(Data excerpts)
#####
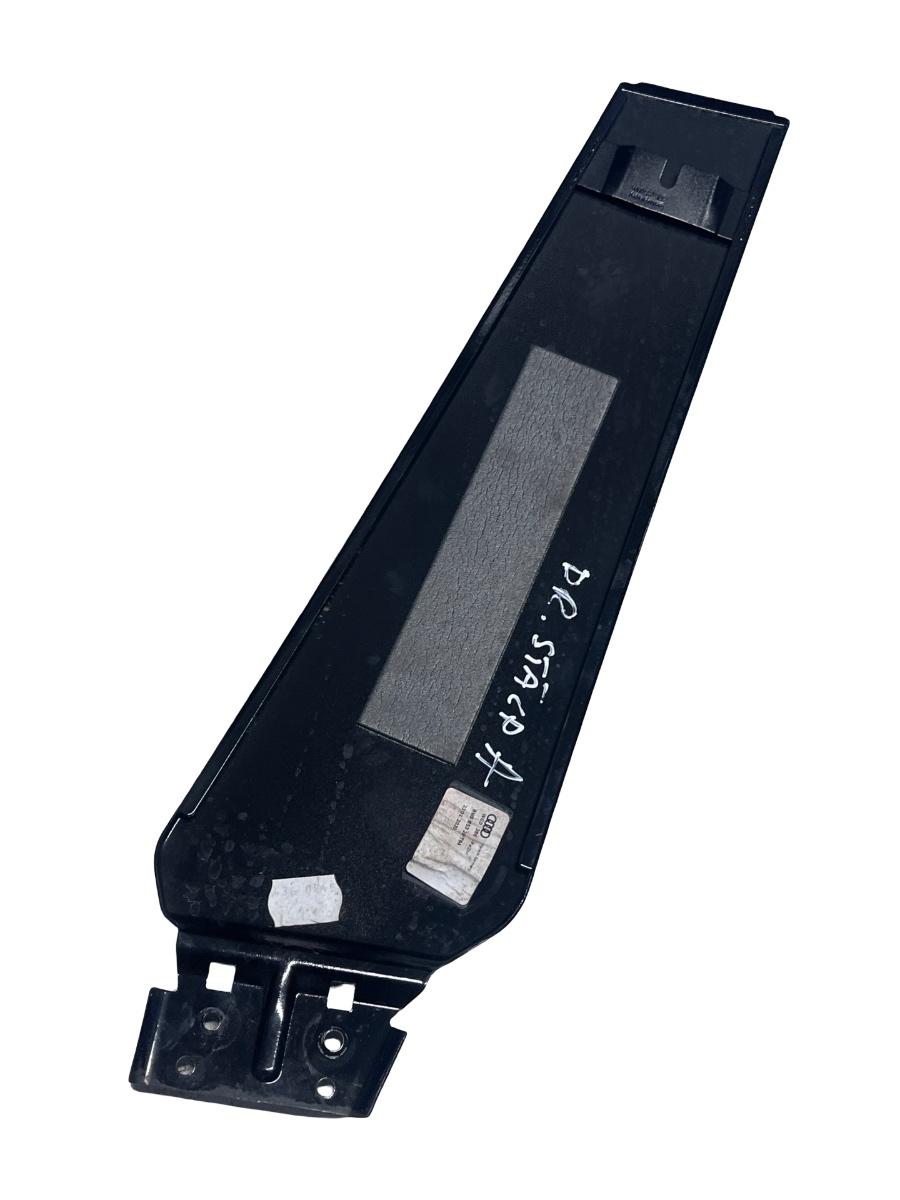 Ornament portiera dreapta AUDI A5/S5 II Sportback F5A 2016 -> 8W8853290T94 – foto 3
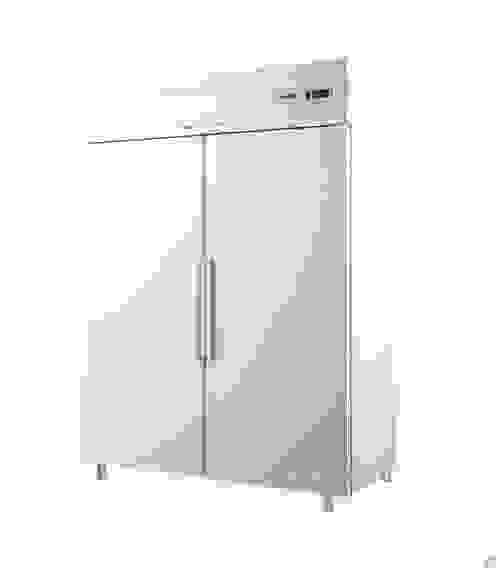 Шкаф морозильный POLAIR CB114-S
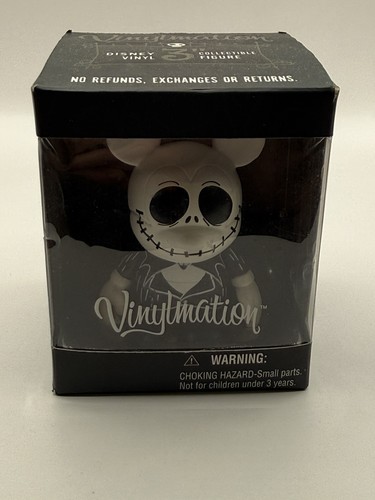 Vinylmation disney vinyl - -,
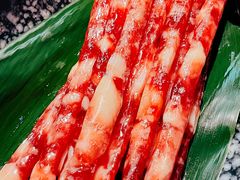 -新哥老官·畅吃123·美蛙世界(苏宁广场店)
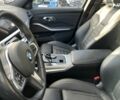 БМВ 3 Серія, об'ємом двигуна 2 л та пробігом 24 тис. км за 43255 $, фото 21 на Automoto.ua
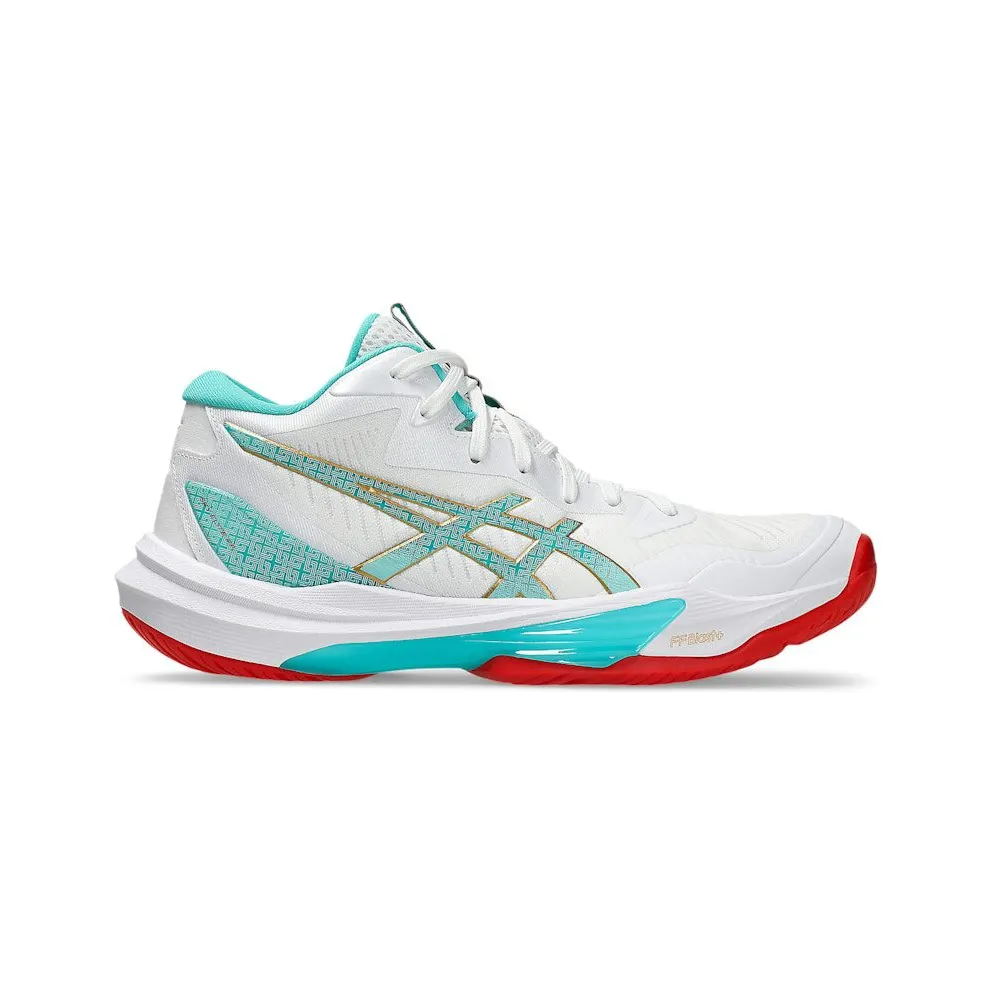 ASICS Sky Elite FF MT 3 White Sea Glass (1052A087-960)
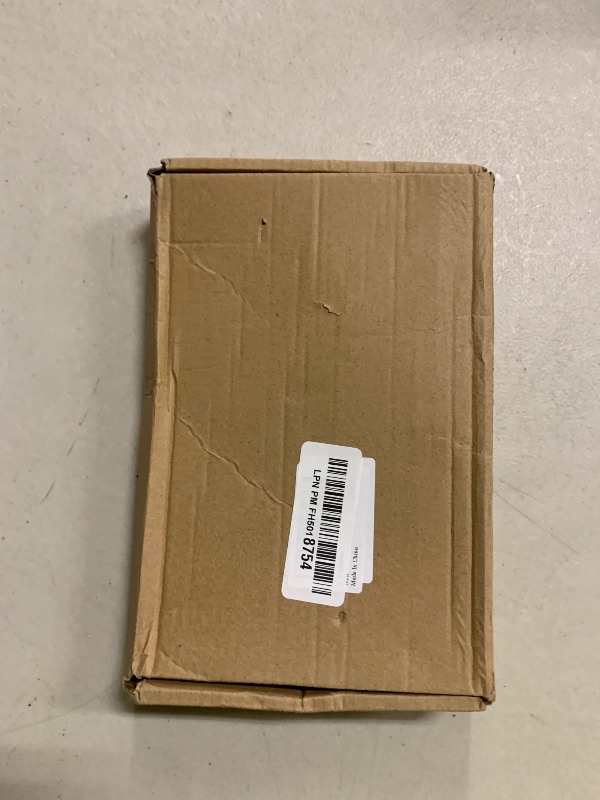 Photo 1 of 139 PCS Heat Set Insert Tool Kit, Brass Threaded Inserts Tips M2 M2.5 M3 M4 M5 M6 M8 for Inserts 3D Printing and Plastic, Include 60W Digital Soldering Iron, 2 Adapters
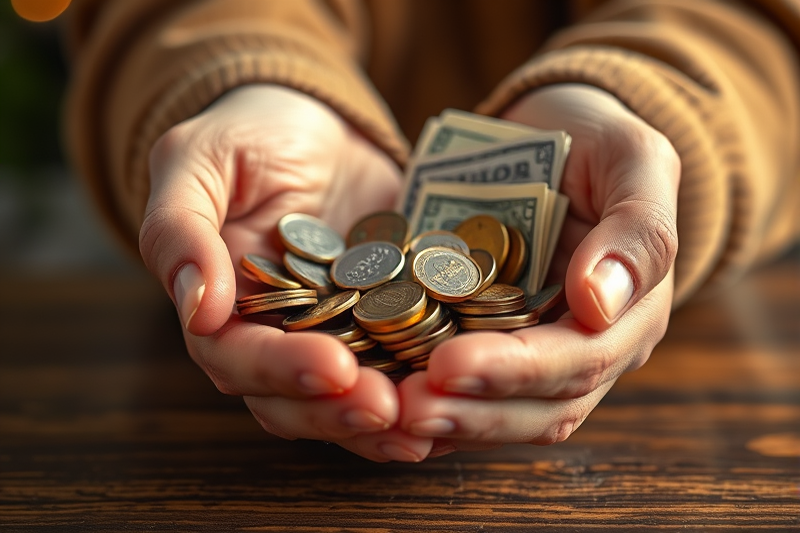 budget frugal living tips by income life stage — Budget Frugal Living Tips By Income Life Stage (step by step)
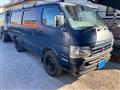2001 Toyota Hiace Van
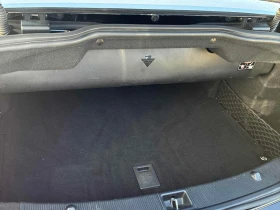 Mercedes-Benz E 400 ��� �����/CARFAX/�������/�����/����� | Mobile.bg � ����� ������ 11
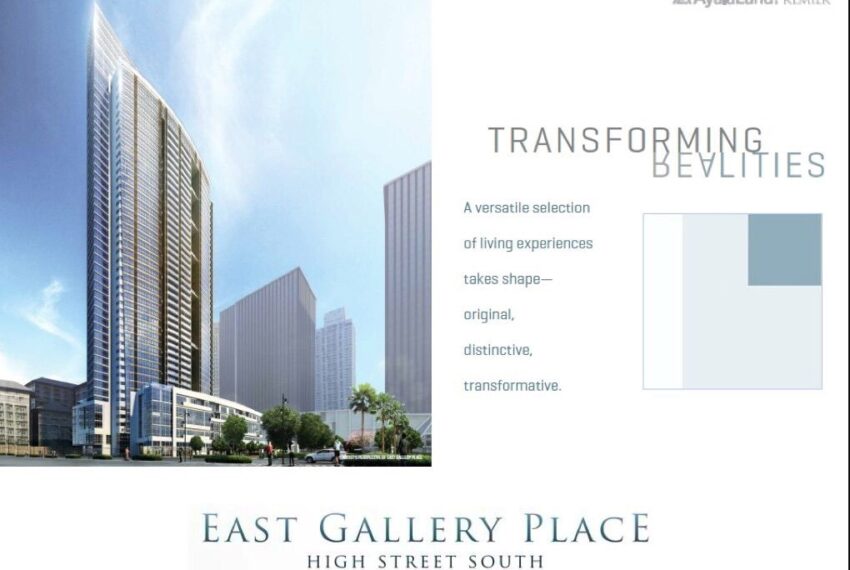 building-facade-1 East gallery place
#####
Exercise details: From the line holding "ASICS Sky Elite" down to the final line of the entries above, print every line exactly. Pictures do not go in.

Written response:
 ASICS Sky Elite FF MT 3 White Sea Glass (1052A087-960)
 Photo 1 of 139 PCS Heat Set Insert Tool Kit, Brass Threaded Inserts Tips M2 M2.5 M3 M4 M5 M6 M8 for Inserts 3D Printing and Plastic, Include 60W Digital Soldering Iron, 2 Adapters
 budget frugal living tips by income life stage — Budget Frugal Living Tips By Income Life Stage (step by step)
2001 Toyota Hiace Van
 Mercedes-Benz E 400 ��� �����/CARFAX/�������/�����/����� | Mobile.bg � ����� ������ 11
 building-facade-1 East gallery place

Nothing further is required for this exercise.